The ‘Internet of Things’ involves adding simple computing and communication power to the many items that collect data all around us. These items include equipment and other items that did not used to have any computing power. In a personal example, I received a notice the other day that my electrical meter would be replaced at home. The new meter will be a ‘smart meter’, which will transmit data directly back to the utility company for analysis. These new meters give the utility company ongoing access to power usage data. With this in place, they will now collect and transmit readings much more frequently than was done with manual readings.
This is the primary advantage of the Internet of Things; to allow more real-time data, which leads to quicker, more accurate decision-making. There is also a myriad of future building maintenance usages for data: Unit vents reporting when to replace filters, light fixtures reporting the time to change bulbs, and refrigerators reporting when food items need replacement. We are seeing the initial effect of this with network printers and copiers that notify us that they are low on toner. One day, student attendance may be automatically taken by the student IDs communicating directly with the door as they pass through. Additionally, the outside doors could notify administration if someone without a student ID passes through.
If this big and bigger data sounds a little like ‘Big Brother’, it can be. That is where we come in. School tech directors need to start anticipating this potential explosion of data and start establishing policies on what data can be used and how it can be used.
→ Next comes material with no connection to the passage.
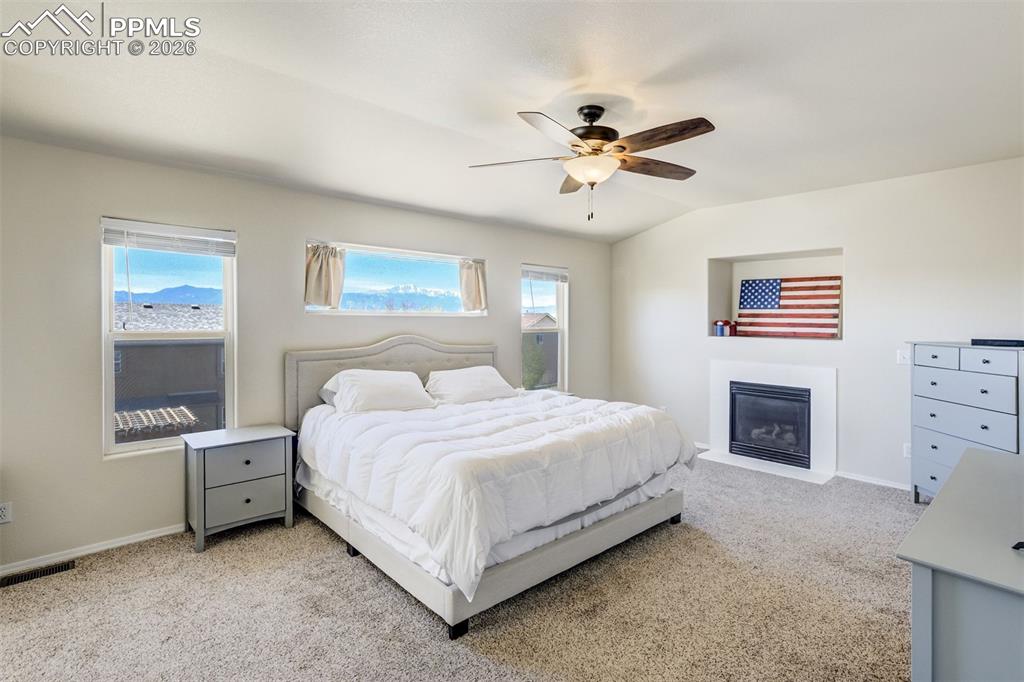 Image 19 of 47: Bedroom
This is most important in data relating to student information. We need to anticipate which organizations will be storing or analyzing our data and ensure that they are treating it with the proper amount of privacy. One CIO Summit participant suggested that tech directors should have a firm handle on which software vendors and organizations have access to private student data and what their data privacy and sharing policies.
The biggest potential for security issues occurs when humans give the wrong people access to protected data. We need to teach staff more about how to share files. We need to teach students the same thing. In this social-media-friendly world, the tendency is to share everything. That is not always the best path. We know that our students need education about this potential risk. Staff members also need to become more savvy sharers of data. While we may not need to actually conduct the training, we need to see that it happens.
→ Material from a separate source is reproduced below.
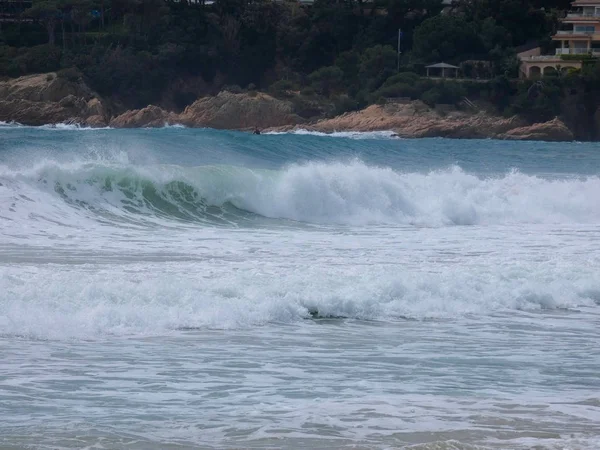 Grandi Onde Che Infrangono Contro Sabbia Rocce Della Costa — Foto Stock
On the brighter, more creative side, this big data gives us many more valuable options for monitoring and directing student progress. We can see the possibilities of giving students access to analytical data on their own performance at a level previously reserved only for assessment experts. Used creatively, students equipped with this level of analysis could effectively direct their own curriculum and add interventions as needed for their own progress. We need to teach skills and give tools to teachers and students so that they can quickly analyze data and use it to improve their performance.
Like any technology, this data trend is amoral. We can harness it to help our teachers and students improve the work of instruction, or it can be used to compromise their sensitive information. Our job is to anticipate the proper uses of data and to direct and educate so that it is used properly. We need to do it now. Big and bigger data is coming.
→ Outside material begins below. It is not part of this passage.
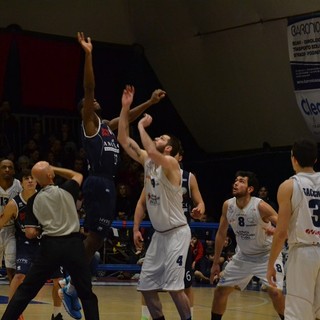 Basket- Gli errori di Laquintana e De Vico condizionano il match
Craig Williams is the director of information services for Illinois School District U-46 in Elgin, Illinois. He and his team are overhauling the district’s infrastructure and seeding technology into classrooms, to ensure the all of the district’s culturally-diverse students have the opportunity to expand their learning and achievement. His previous work with schools, first as a building architect, then as a technology design consultant, provides him with a broad perspective on planning for improved student learning. Williams currently serves on the Board with the Illinois CoSN chapter - Education Technology Council of Illinois.